*** Supplied records ***

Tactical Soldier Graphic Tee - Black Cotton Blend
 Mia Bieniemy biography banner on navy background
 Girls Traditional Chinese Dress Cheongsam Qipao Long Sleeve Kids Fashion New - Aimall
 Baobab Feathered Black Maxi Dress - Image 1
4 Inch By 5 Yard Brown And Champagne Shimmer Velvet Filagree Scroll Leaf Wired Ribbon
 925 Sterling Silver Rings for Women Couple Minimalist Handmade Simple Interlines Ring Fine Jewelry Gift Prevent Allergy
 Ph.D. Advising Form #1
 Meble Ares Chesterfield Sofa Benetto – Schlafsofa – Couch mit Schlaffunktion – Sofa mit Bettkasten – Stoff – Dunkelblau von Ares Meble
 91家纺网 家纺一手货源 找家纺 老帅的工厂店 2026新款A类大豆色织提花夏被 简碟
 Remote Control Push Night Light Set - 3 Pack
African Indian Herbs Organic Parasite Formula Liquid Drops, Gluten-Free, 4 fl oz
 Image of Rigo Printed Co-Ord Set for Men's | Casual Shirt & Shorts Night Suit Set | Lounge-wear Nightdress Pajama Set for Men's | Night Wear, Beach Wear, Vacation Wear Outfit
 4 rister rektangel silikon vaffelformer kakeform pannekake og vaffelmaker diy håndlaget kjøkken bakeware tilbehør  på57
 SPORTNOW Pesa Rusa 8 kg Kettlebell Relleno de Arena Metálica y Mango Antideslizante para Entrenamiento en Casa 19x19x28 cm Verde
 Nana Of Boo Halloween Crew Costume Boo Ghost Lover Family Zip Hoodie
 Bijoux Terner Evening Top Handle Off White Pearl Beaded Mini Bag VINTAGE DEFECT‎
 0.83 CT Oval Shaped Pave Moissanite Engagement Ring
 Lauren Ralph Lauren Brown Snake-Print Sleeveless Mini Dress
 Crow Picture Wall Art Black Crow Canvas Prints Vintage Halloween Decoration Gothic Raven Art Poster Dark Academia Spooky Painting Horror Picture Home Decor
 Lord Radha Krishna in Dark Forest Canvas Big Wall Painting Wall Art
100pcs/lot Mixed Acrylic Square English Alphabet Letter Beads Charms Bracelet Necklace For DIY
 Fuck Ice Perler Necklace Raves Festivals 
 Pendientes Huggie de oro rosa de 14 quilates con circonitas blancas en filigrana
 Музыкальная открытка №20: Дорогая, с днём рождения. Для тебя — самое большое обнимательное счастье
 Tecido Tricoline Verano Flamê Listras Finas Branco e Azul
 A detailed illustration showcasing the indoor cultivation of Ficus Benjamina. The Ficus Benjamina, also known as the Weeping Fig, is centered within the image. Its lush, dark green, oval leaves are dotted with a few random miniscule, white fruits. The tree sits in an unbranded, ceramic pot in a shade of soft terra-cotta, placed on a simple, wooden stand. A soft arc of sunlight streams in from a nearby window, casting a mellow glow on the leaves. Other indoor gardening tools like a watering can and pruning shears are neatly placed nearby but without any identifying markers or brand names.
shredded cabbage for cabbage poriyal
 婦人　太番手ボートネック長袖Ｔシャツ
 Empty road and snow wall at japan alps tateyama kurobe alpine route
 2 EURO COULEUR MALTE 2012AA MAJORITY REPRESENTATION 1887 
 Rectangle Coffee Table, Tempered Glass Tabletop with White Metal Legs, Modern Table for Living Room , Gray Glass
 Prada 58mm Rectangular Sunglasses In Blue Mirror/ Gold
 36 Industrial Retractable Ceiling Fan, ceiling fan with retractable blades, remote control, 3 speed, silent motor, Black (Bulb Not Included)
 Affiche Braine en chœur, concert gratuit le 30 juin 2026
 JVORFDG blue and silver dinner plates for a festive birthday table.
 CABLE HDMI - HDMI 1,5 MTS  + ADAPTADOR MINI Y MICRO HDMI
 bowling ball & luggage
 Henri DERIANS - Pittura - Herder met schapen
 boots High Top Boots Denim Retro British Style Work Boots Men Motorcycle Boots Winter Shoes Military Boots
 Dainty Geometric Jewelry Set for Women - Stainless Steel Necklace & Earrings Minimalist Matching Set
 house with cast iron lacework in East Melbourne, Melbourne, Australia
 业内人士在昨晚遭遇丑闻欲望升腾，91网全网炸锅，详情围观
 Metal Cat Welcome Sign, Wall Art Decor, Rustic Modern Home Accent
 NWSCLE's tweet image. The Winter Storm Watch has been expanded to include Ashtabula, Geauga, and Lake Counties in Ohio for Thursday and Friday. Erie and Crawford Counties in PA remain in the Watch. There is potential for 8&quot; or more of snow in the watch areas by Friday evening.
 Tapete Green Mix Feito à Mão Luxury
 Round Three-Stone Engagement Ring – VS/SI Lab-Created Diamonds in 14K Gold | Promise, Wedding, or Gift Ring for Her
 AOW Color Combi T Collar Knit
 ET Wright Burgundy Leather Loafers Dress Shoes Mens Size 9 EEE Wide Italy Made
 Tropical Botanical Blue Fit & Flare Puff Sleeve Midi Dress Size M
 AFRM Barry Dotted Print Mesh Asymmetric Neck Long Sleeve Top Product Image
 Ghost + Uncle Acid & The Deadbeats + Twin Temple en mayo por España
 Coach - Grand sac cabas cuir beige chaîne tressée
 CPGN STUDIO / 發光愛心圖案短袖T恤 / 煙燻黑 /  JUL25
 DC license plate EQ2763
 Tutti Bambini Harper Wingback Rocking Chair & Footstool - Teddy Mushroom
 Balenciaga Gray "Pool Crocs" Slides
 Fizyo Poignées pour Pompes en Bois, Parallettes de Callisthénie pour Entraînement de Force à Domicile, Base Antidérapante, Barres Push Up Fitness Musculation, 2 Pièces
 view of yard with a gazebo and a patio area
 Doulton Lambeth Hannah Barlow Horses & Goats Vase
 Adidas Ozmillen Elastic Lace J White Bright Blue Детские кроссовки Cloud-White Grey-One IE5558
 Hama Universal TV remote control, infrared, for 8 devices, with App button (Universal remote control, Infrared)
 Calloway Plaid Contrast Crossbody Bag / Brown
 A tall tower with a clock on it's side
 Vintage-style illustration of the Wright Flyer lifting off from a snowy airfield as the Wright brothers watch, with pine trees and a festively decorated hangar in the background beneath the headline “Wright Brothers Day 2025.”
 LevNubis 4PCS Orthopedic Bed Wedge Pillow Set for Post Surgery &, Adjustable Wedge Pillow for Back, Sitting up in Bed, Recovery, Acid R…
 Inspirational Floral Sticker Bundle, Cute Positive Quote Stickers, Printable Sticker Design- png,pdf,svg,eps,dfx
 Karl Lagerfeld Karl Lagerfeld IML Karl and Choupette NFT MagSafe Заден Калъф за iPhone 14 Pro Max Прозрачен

*** End of Supplied records ***

_Your goal_:
Your answer must be the full listing above, printed exactly as it stands.

_Response_:
Tactical Soldier Graphic Tee - Black Cotton Blend
 Mia Bieniemy biography banner on navy background
 Girls Traditional Chinese Dress Cheongsam Qipao Long Sleeve Kids Fashion New - Aimall
 Baobab Feathered Black Maxi Dress - Image 1
4 Inch By 5 Yard Brown And Champagne Shimmer Velvet Filagree Scroll Leaf Wired Ribbon
 925 Sterling Silver Rings for Women Couple Minimalist Handmade Simple Interlines Ring Fine Jewelry Gift Prevent Allergy
 Ph.D. Advising Form #1
 Meble Ares Chesterfield Sofa Benetto – Schlafsofa – Couch mit Schlaffunktion – Sofa mit Bettkasten – Stoff – Dunkelblau von Ares Meble
 91家纺网 家纺一手货源 找家纺 老帅的工厂店 2026新款A类大豆色织提花夏被 简碟
 Remote Control Push Night Light Set - 3 Pack
African Indian Herbs Organic Parasite Formula Liquid Drops, Gluten-Free, 4 fl oz
 Image of Rigo Printed Co-Ord Set for Men's | Casual Shirt & Shorts Night Suit Set | Lounge-wear Nightdress Pajama Set for Men's | Night Wear, Beach Wear, Vacation Wear Outfit
 4 rister rektangel silikon vaffelformer kakeform pannekake og vaffelmaker diy håndlaget kjøkken bakeware tilbehør  på57
 SPORTNOW Pesa Rusa 8 kg Kettlebell Relleno de Arena Metálica y Mango Antideslizante para Entrenamiento en Casa 19x19x28 cm Verde
 Nana Of Boo Halloween Crew Costume Boo Ghost Lover Family Zip Hoodie
 Bijoux Terner Evening Top Handle Off White Pearl Beaded Mini Bag VINTAGE DEFECT‎
 0.83 CT Oval Shaped Pave Moissanite Engagement Ring
 Lauren Ralph Lauren Brown Snake-Print Sleeveless Mini Dress
 Crow Picture Wall Art Black Crow Canvas Prints Vintage Halloween Decoration Gothic Raven Art Poster Dark Academia Spooky Painting Horror Picture Home Decor
 Lord Radha Krishna in Dark Forest Canvas Big Wall Painting Wall Art
100pcs/lot Mixed Acrylic Square English Alphabet Letter Beads Charms Bracelet Necklace For DIY
 Fuck Ice Perler Necklace Raves Festivals 
 Pendientes Huggie de oro rosa de 14 quilates con circonitas blancas en filigrana
 Музыкальная открытка №20: Дорогая, с днём рождения. Для тебя — самое большое обнимательное счастье
 Tecido Tricoline Verano Flamê Listras Finas Branco e Azul
 A detailed illustration showcasing the indoor cultivation of Ficus Benjamina. The Ficus Benjamina, also known as the Weeping Fig, is centered within the image. Its lush, dark green, oval leaves are dotted with a few random miniscule, white fruits. The tree sits in an unbranded, ceramic pot in a shade of soft terra-cotta, placed on a simple, wooden stand. A soft arc of sunlight streams in from a nearby window, casting a mellow glow on the leaves. Other indoor gardening tools like a watering can and pruning shears are neatly placed nearby but without any identifying markers or brand names.
shredded cabbage for cabbage poriyal
 婦人　太番手ボートネック長袖Ｔシャツ
 Empty road and snow wall at japan alps tateyama kurobe alpine route
 2 EURO COULEUR MALTE 2012AA MAJORITY REPRESENTATION 1887 
 Rectangle Coffee Table, Tempered Glass Tabletop with White Metal Legs, Modern Table for Living Room , Gray Glass
 Prada 58mm Rectangular Sunglasses In Blue Mirror/ Gold
 36 Industrial Retractable Ceiling Fan, ceiling fan with retractable blades, remote control, 3 speed, silent motor, Black (Bulb Not Included)
 Affiche Braine en chœur, concert gratuit le 30 juin 2026
 JVORFDG blue and silver dinner plates for a festive birthday table.
 CABLE HDMI - HDMI 1,5 MTS  + ADAPTADOR MINI Y MICRO HDMI
 bowling ball & luggage
 Henri DERIANS - Pittura - Herder met schapen
 boots High Top Boots Denim Retro British Style Work Boots Men Motorcycle Boots Winter Shoes Military Boots
 Dainty Geometric Jewelry Set for Women - Stainless Steel Necklace & Earrings Minimalist Matching Set
 house with cast iron lacework in East Melbourne, Melbourne, Australia
 业内人士在昨晚遭遇丑闻欲望升腾，91网全网炸锅，详情围观
 Metal Cat Welcome Sign, Wall Art Decor, Rustic Modern Home Accent
 NWSCLE's tweet image. The Winter Storm Watch has been expanded to include Ashtabula, Geauga, and Lake Counties in Ohio for Thursday and Friday. Erie and Crawford Counties in PA remain in the Watch. There is potential for 8&quot; or more of snow in the watch areas by Friday evening.
 Tapete Green Mix Feito à Mão Luxury
 Round Three-Stone Engagement Ring – VS/SI Lab-Created Diamonds in 14K Gold | Promise, Wedding, or Gift Ring for Her
 AOW Color Combi T Collar Knit
 ET Wright Burgundy Leather Loafers Dress Shoes Mens Size 9 EEE Wide Italy Made
 Tropical Botanical Blue Fit & Flare Puff Sleeve Midi Dress Size M
 AFRM Barry Dotted Print Mesh Asymmetric Neck Long Sleeve Top Product Image
 Ghost + Uncle Acid & The Deadbeats + Twin Temple en mayo por España
 Coach - Grand sac cabas cuir beige chaîne tressée
 CPGN STUDIO / 發光愛心圖案短袖T恤 / 煙燻黑 /  JUL25
 DC license plate EQ2763
 Tutti Bambini Harper Wingback Rocking Chair & Footstool - Teddy Mushroom
 Balenciaga Gray "Pool Crocs" Slides
 Fizyo Poignées pour Pompes en Bois, Parallettes de Callisthénie pour Entraînement de Force à Domicile, Base Antidérapante, Barres Push Up Fitness Musculation, 2 Pièces
 view of yard with a gazebo and a patio area
 Doulton Lambeth Hannah Barlow Horses & Goats Vase
 Adidas Ozmillen Elastic Lace J White Bright Blue Детские кроссовки Cloud-White Grey-One IE5558
 Hama Universal TV remote control, infrared, for 8 devices, with App button (Universal remote control, Infrared)
 Calloway Plaid Contrast Crossbody Bag / Brown
 A tall tower with a clock on it's side
 Vintage-style illustration of the Wright Flyer lifting off from a snowy airfield as the Wright brothers watch, with pine trees and a festively decorated hangar in the background beneath the headline “Wright Brothers Day 2025.”
 LevNubis 4PCS Orthopedic Bed Wedge Pillow Set for Post Surgery &, Adjustable Wedge Pillow for Back, Sitting up in Bed, Recovery, Acid R…
 Inspirational Floral Sticker Bundle, Cute Positive Quote Stickers, Printable Sticker Design- png,pdf,svg,eps,dfx
 Karl Lagerfeld Karl Lagerfeld IML Karl and Choupette NFT MagSafe Заден Калъф за iPhone 14 Pro Max Прозрачен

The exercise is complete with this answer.